Birleşik Kamu İş Konfederasyonu İl Temsilcisi Sedat Tuygun, “Hepinizin bildiği gibi asgari ücret geçtiğimiz günlerde 8500 TL olarak açıklanmıştır. Ülkenin bu ekonomik şartlarında asgari ücretin alım gücü açısından yüksek olmadığını hepimiz bilmekteyiz. Asgari ücrete yapılan artış sonrası ortalama memur maaşlarına baktığımızda, asgari ücret ile memur maaşlarının neredeyse eşitlendiğini görmekteyiz. 2010 yılında asgari ücret 576 TL iken, ortalama memur maaşı asgari ücretin 3 katıydı. Günümüzde ise yeni açıklanan asgari ücret ile ortalama memur maaşları eşit seviyeye gelmiş, emeklilerin ücretleri ise asgari ücretin dahi altında kalmıştır.

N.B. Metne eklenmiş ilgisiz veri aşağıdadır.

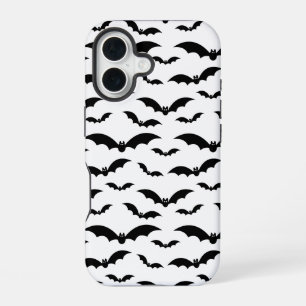 Coque iPhone 16 Motif des chauves-souris d'Halloween noir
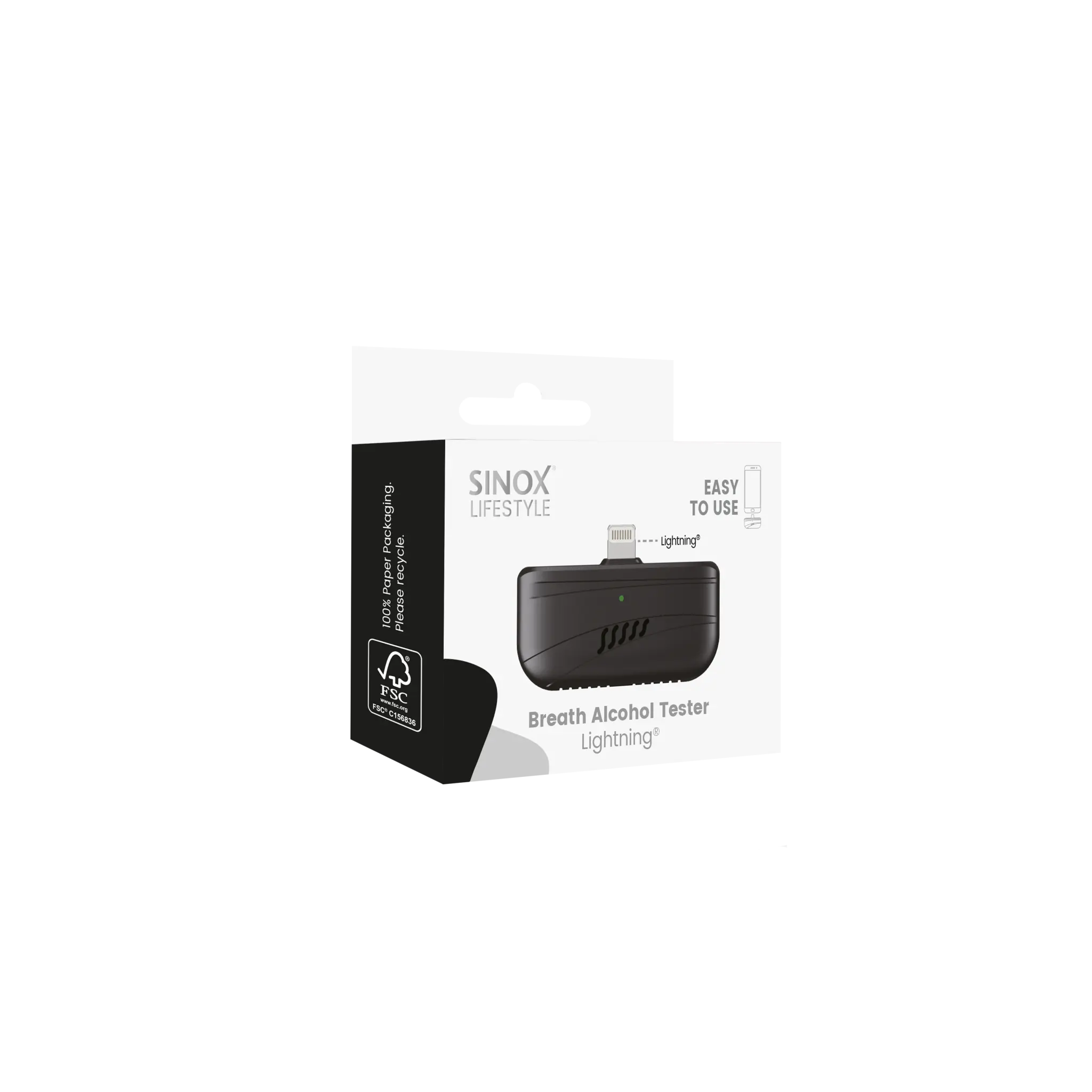 Sinox Mini Alkoholtestare Lightning. Svart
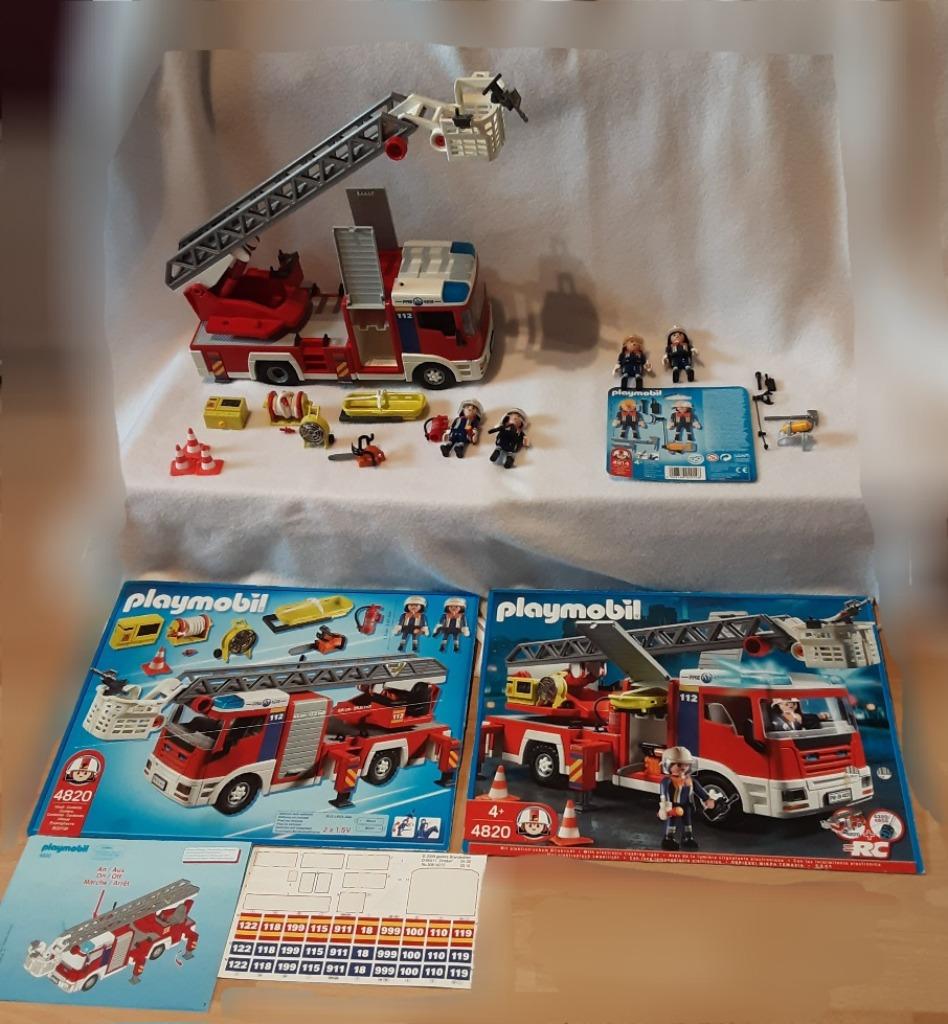 Playmobil 4820 + 4914 Brandweerwagen +uitbreidingsset, Kinderen en Baby's, Speelgoed | Playmobil, Zo goed als nieuw, Complete set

2002 yılında en düşük emekli aylığı asgari ücretin 53 Türk lirası üzerindeyken, yapılan son zamlarla birlikte asgari ücret en düşük emekli aylığının 3 bin Türk lirası üzerine çıkmıştır.
Sorun asgari ücretin çok artırılması değil, kamu çalışanları ve emeklilerinin ücretlerinin komik ve acınacak artışlara maruz kalmasıdır.”dedi.
KAMU ÇALIŞANLARI VE EMEKLİ MAAŞLARI YENİDEN DEĞERLENDİRİLMELİDİR
“Kamu çalışanları ve emeklilerin maaşları tüm kamu sendikalarının talepleri doğrultusunda yeniden belirlenmelidir.”diyen Tuygun, “Kamu Konfederasyonları platformu olarak; kamu çalışanlarının en düşük maaşının yoksulluk sınırı olan 26 bin 124 liraya yükseltilerek enflasyon oranının da her ay seyyanen maaşlara yansıtılmasını talep ediyoruz.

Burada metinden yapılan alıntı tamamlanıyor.